● **DIRECTIONS FOR THIS TASK**:
Give back exactly the lines of the data below, starting with the line that has "12x Conuri Parfumate Stamford Angel - Magie" and going on through the line that has "Glassplate og negativ film".
===== AVAILABLE DATA
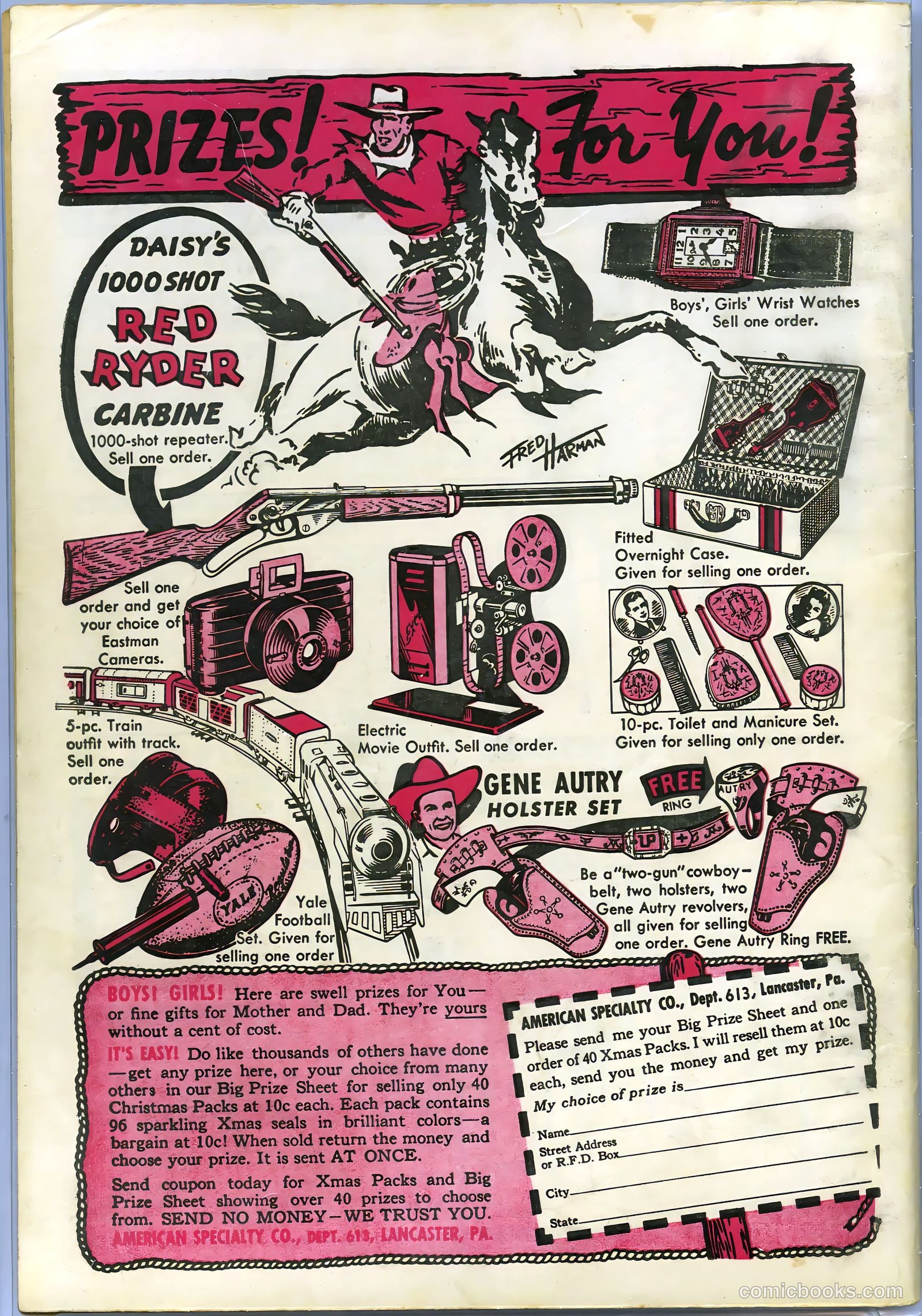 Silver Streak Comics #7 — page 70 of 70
==========
===== AVAILABLE DATA
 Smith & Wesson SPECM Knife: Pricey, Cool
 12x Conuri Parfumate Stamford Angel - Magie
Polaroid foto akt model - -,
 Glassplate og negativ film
==========
● **ANSWER BELOW**:
 12x Conuri Parfumate Stamford Angel - Magie
Polaroid foto akt model - -,
 Glassplate og negativ film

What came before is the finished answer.